▶ **TRY IT**
Retype the records below word for word and omit any image.

▶ **DATA**
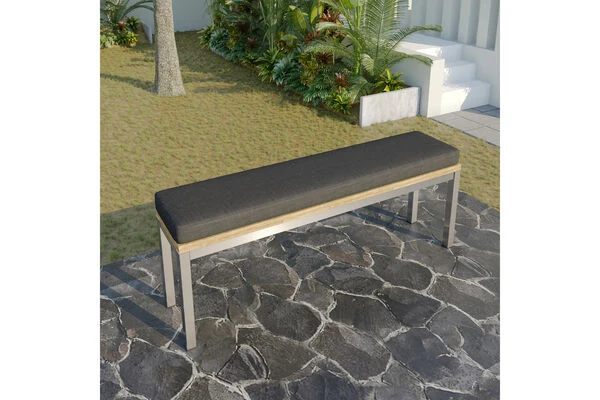 OUTFLEXX Gartenbank, Edelstahl/recyceltes FSC®-Teak, 180x40x45cm, Rustikal Gebürstet – Bild 2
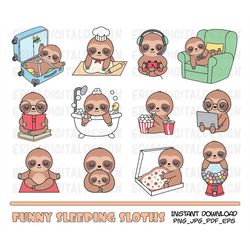Funny sloths clipart Cute sleeping sloth images Kawaii animals icons Pet illustration Printable stickers Planner supplie
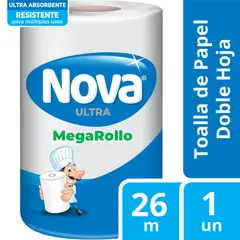 NOVA - Toalla de Papel Ultra Absorb Mega Rollo 1 un 26 mt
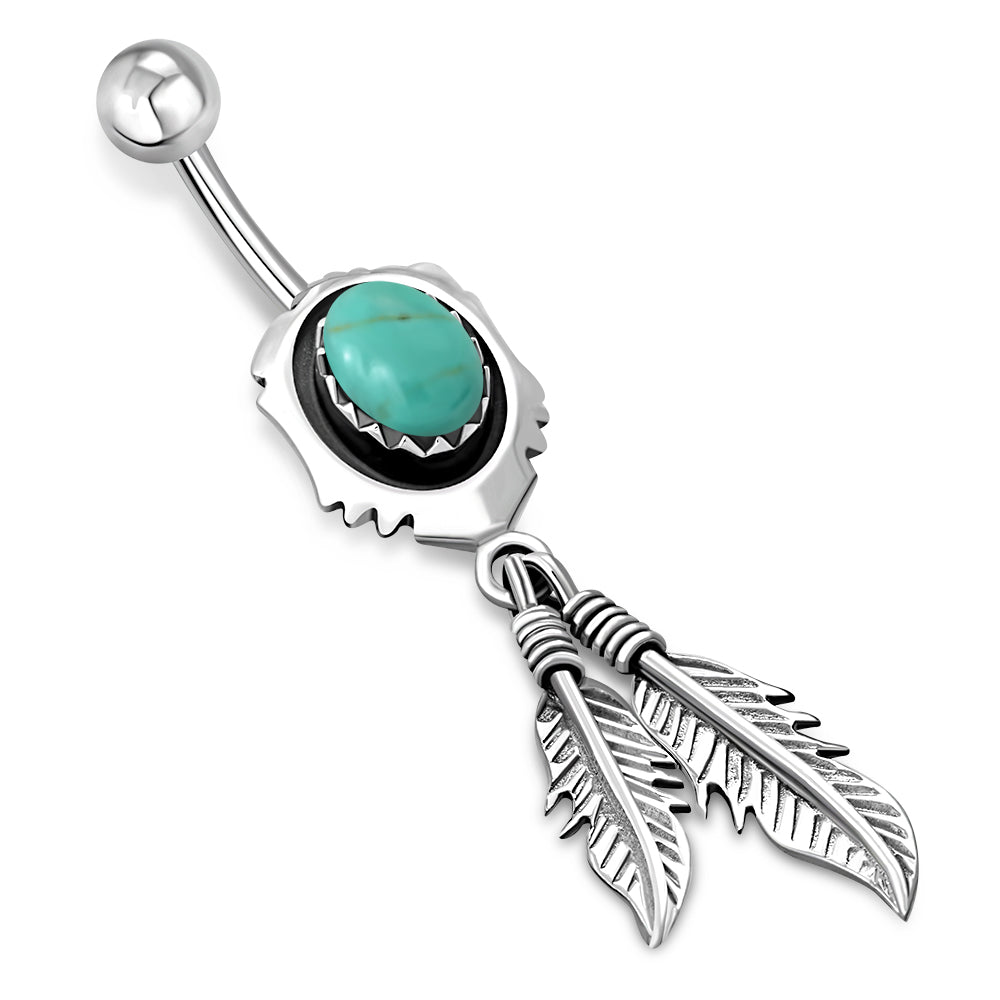 Native American Belly Button Navel Ring w Turquoise
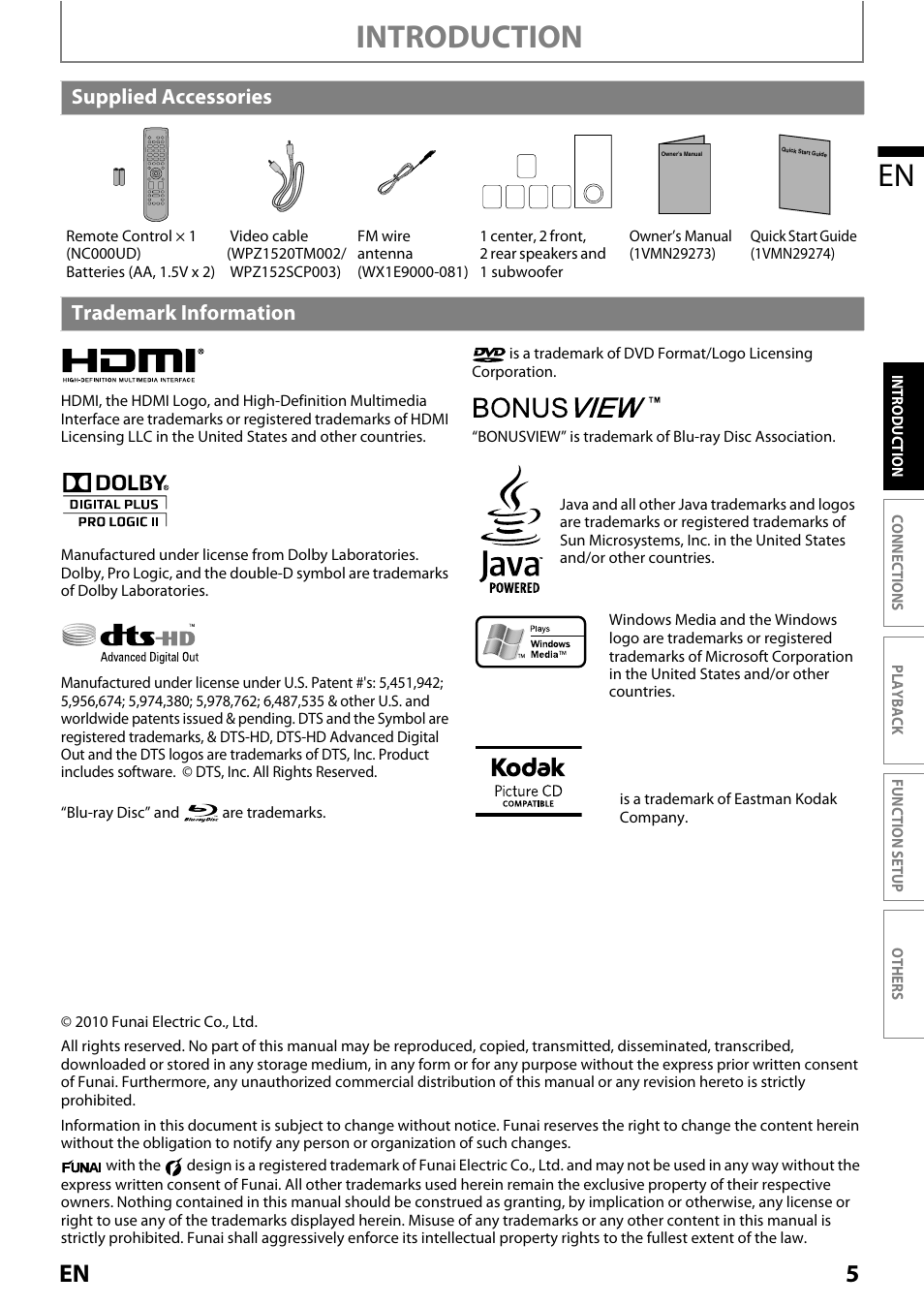Supplied accessories, Trademark information, Supplied accessories trademark information | Introduction en | Philips Magnavox MRD410B/F7 User Manual | Page 5 / 52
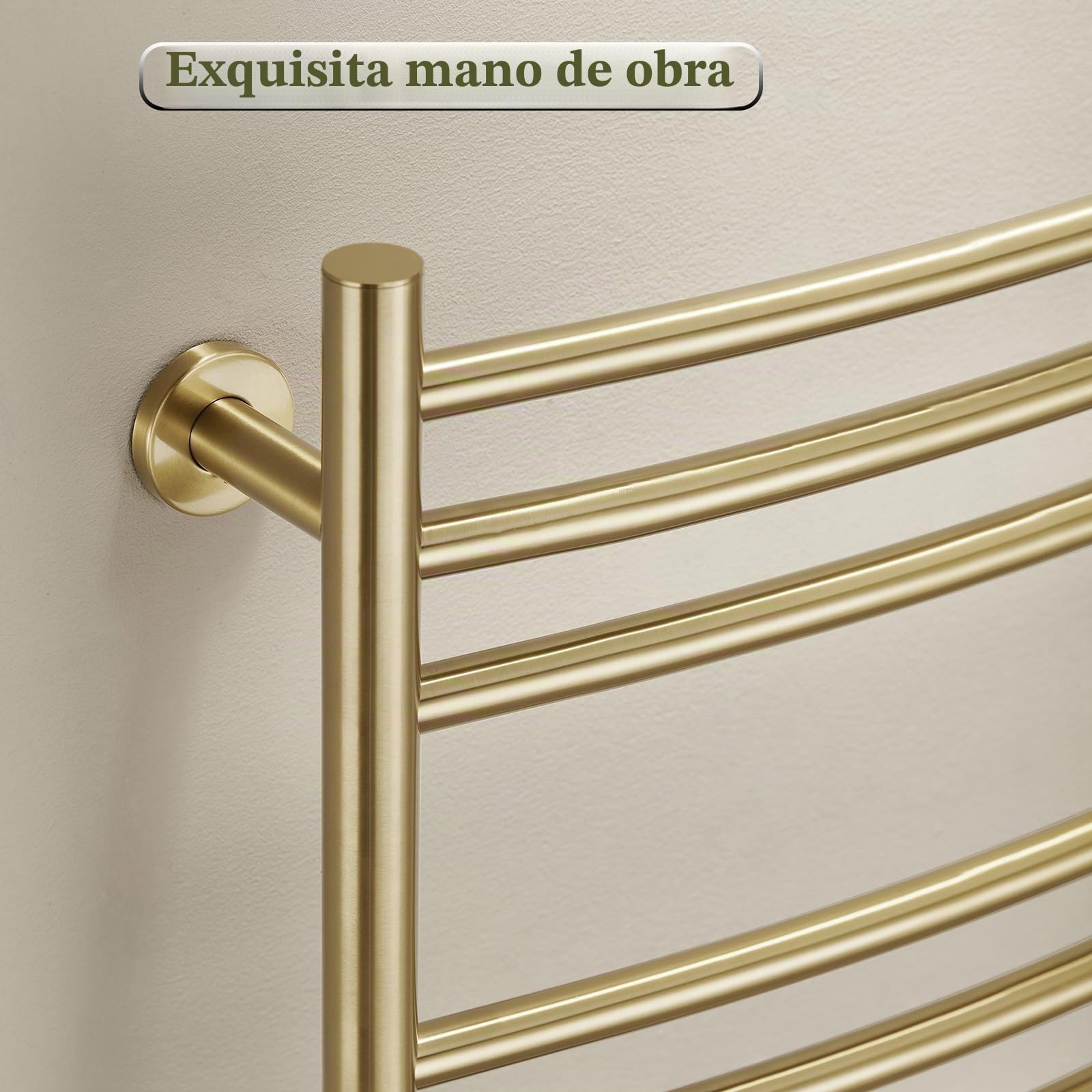 ESOP RadiadorToallero Eléctrico Baño Oro Cepillado 185 W Calienta Toallas 1100 x 600 mm 15 Varilla Curva WiFi Inteligente Temperatura Constante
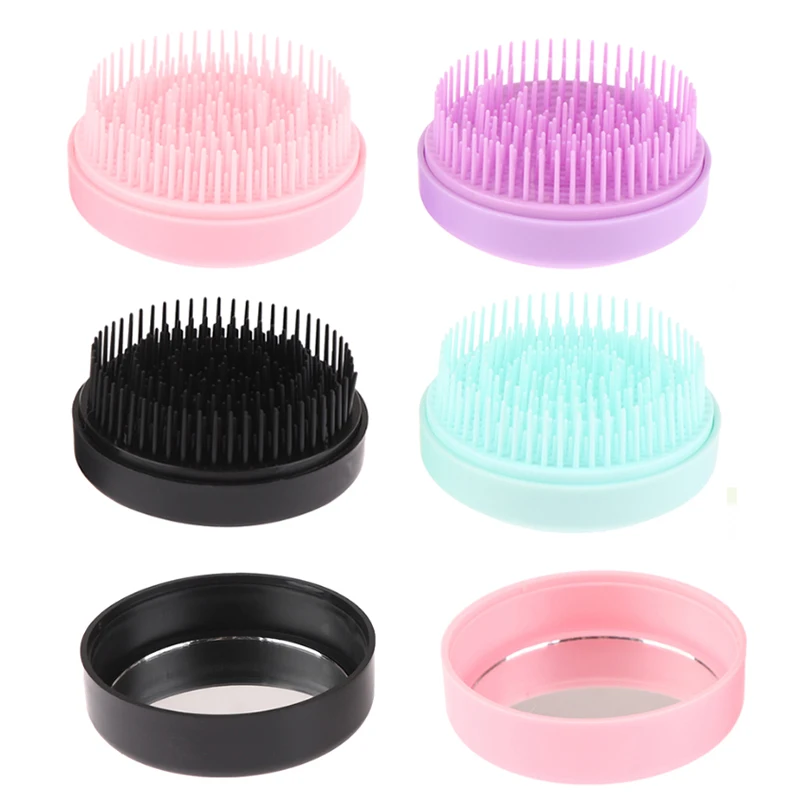 

1pc Portable Round Travel Massage Folding Comb Girl Hair Brush With Mirror Mini Pocket Mirror Styling Tools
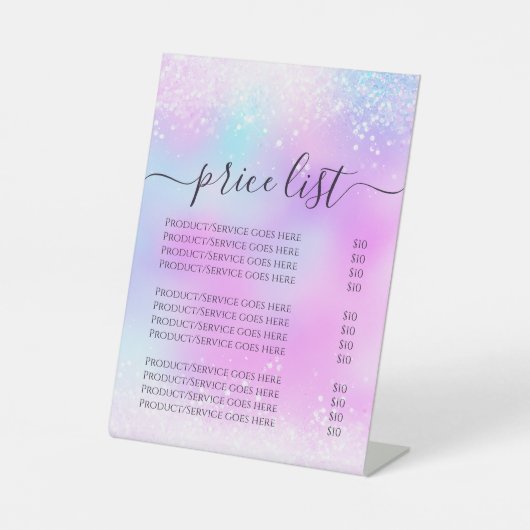 Holografische Glitter Pastel Girly prijslijst Reclamebord Met Voetstuk (Voorkant)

▶ **SOLUTION FOR THIS EXERCISE**
 OUTFLEXX Gartenbank, Edelstahl/recyceltes FSC®-Teak, 180x40x45cm, Rustikal Gebürstet – Bild 2
Funny sloths clipart Cute sleeping sloth images Kawaii animals icons Pet illustration Printable stickers Planner supplie
 NOVA - Toalla de Papel Ultra Absorb Mega Rollo 1 un 26 mt
 Native American Belly Button Navel Ring w Turquoise
Supplied accessories, Trademark information, Supplied accessories trademark information | Introduction en | Philips Magnavox MRD410B/F7 User Manual | Page 5 / 52
 ESOP RadiadorToallero Eléctrico Baño Oro Cepillado 185 W Calienta Toallas 1100 x 600 mm 15 Varilla Curva WiFi Inteligente Temperatura Constante

1pc Portable Round Travel Massage Folding Comb Girl Hair Brush With Mirror Mini Pocket Mirror Styling Tools
 Holografische Glitter Pastel Girly prijslijst Reclamebord Met Voetstuk (Voorkant)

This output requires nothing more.